When executing a query, exactly one of these datasets is chosen in order of precedence:
Protocol > SPARQL > default
For the rest of this discussion, “the dataset” refers to the dataset chosen in the prior step.
Active graph
When matching triple patterns in the query, the “active graph” is used to determine the scope of matching:
- By default, the active graph is set to the default graph of the dataset.
- The GRAPH graph pattern can be used to alter the active graph. If the GRAPH graph pattern is used, only the named graphs are considered.
- Fixed GRAPH patterns specify an IRI to use as a named graph. In this case, only the specified named graph in the dataset will be used. If the IRI is not one of the named graphs in the dataset, the active graph will be the empty graph.

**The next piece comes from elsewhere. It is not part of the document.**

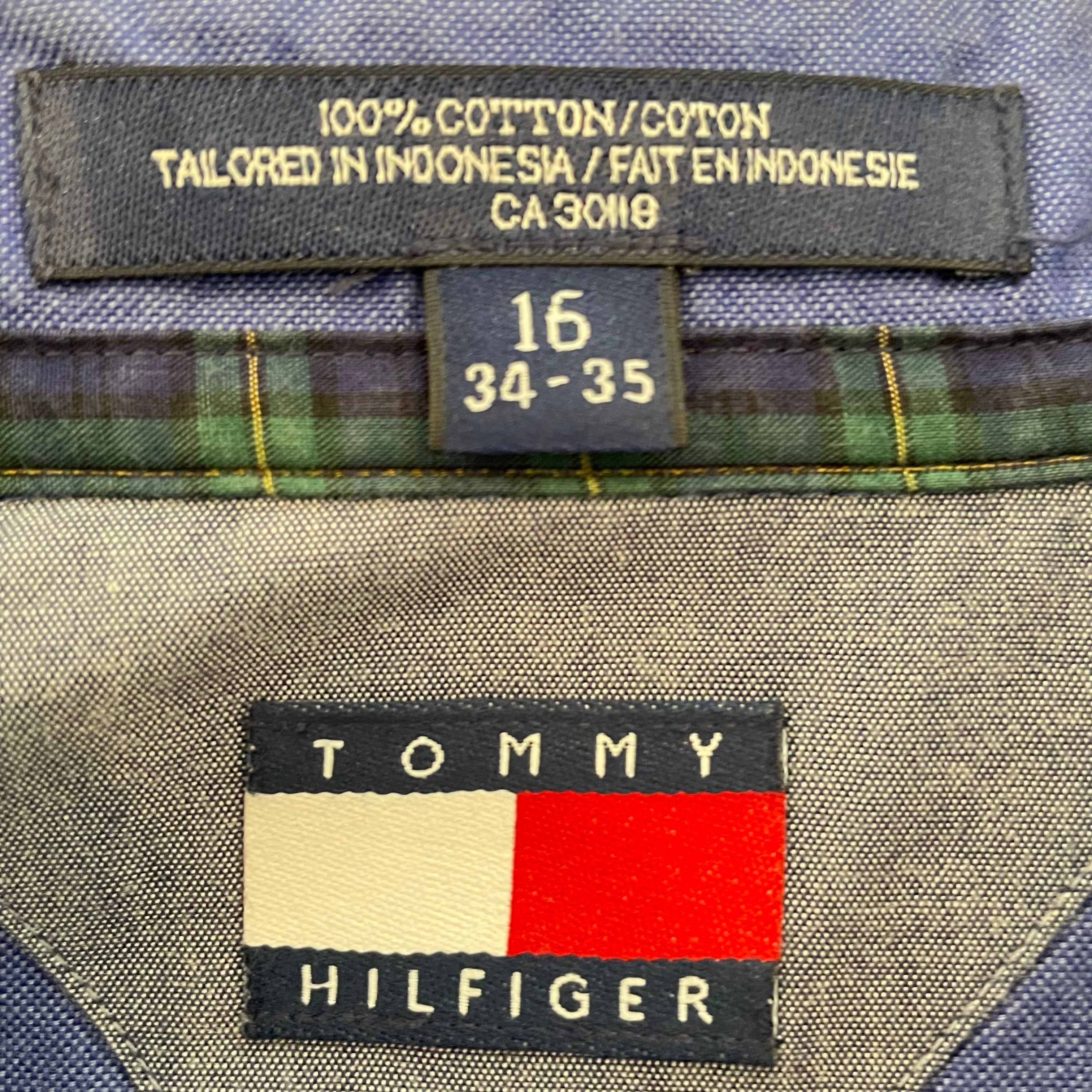 Tommy Hilfiger】90s 長袖シャツ フラッグタグ 刺繍ロゴ ボタンダウン ...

- Variable graph patterns specify a variable to bind to the graph of each solution. In this case, the whole graph pattern is matched against each named graph in the data set, the graph variable is bound in each solution and the results are unioned.
Examples
In all examples, assume there is a default dataset defined by the query processor with default graph = DG and named graphs NG1 and NG2. No dataset is provided in the protocol.
Example 1
SELECT ?a ?b ?c ?g
WHERE {
{ ?a … }
GRAPH <NG1> {
?b …
}
GRAPH ?g {
?c …
}}
- Dataset: There is no FROM or FROM NAMED so the processor’s default dataset is used.
- Default graph: DG
- Named graphs: NG1, NG2
- Active graph
- Containing ?a: DG
- Containing ?b: NG1
- Containing ?c: NG1, NG2
Example 2
SELECT ?a ?b ?c ?g
FROM graph1
FROM graph2
WHERE {
{ ?a … }
GRAPH <graph1> {
?b …
}
GRAPH ?g {
?c …
}}
- Dataset: There is a FROM, so the default dataset is discarded.
- Default graph: RDF-MERGE(graph1, graph2)
- Named graphs: None
- Active graph
- Containing ?a: RDF-MERGE(graph1, graph2)
- Containing ?b: empty graph
- Containing ?c: empty graph
Example 3
SELECT ?a ?b ?c ?g
FROM NAMED graph1
FROM NAMED graph2
WHERE {
{ ?a … }
GRAPH <graph1> {
?b …
}
GRAPH ?g {
?c …
}}
- Dataset: There is a FROM NAMED, so the default dataset is discarded.
- Default graph: empty
- Named graphs: graph1, graph2
- Active graph
- Containing ?a: empty graph
- Containing ?b: graph1
- Containing ?c: graph1, graph2
Example 4
SELECT ?a ?b ?c ?g
FROM graph1
FROM graph2
FROM NAMED graph3
FROM NAMED graph4
WHERE {
{ ?a … }
GRAPH <graph3> {
?b …
}
GRAPH ?g {
?c …
}}
- Dataset: There is a FROM and FROM NAMED, so the default dataset is discarded.
- Default graph: RDF-MERGE(graph1, graph2)
- Named graphs: graph3, graph4
- Active graph
- Containing ?a: RDF-MERGE(graph1, graph2)
- Containing ?b: graph3
- Containing ?c: graph3, graph4
Questions
- What happens if you specify a fixed IRI in a GRAPH pattern that is not one of the named graphs in the dataset? The specification does not explicitly cover this but I believe this statement in the spec: “The GRAPH keyword is used to make the active graph one of all of the named graphs in the dataset for part of the query.” implies that only named graphs in the dataset will return data in a GRAPH.

Hi! My name is Alex Miller and I live in St. Louis. I write code for a living and currently work for
So your question is to confirm example 3? I think you’re right, but I also don’t know if any stores actually work that way.
Your post here demonstrates something I’ve been noticing lately where I think we have some confusing language in the spec. The query processor has a “default graph”. We also have the “default graph” described in a dataset. If there are no FROM statements, then the dataset’s default graph is set to the query processor’s default graph. So the query processor is the default “default graph”. This isn’t new, as it’s exactly the same as the SPARQL 1.0 spec.
It’s also worth noting that there’s another way to set the current graph, and that’s with a SERVICE block. In that case the graph will be coming from the remote store, and may be completely out of the scope of the current dataset. This can get really hairy if the service happens to be a loopback to the current store.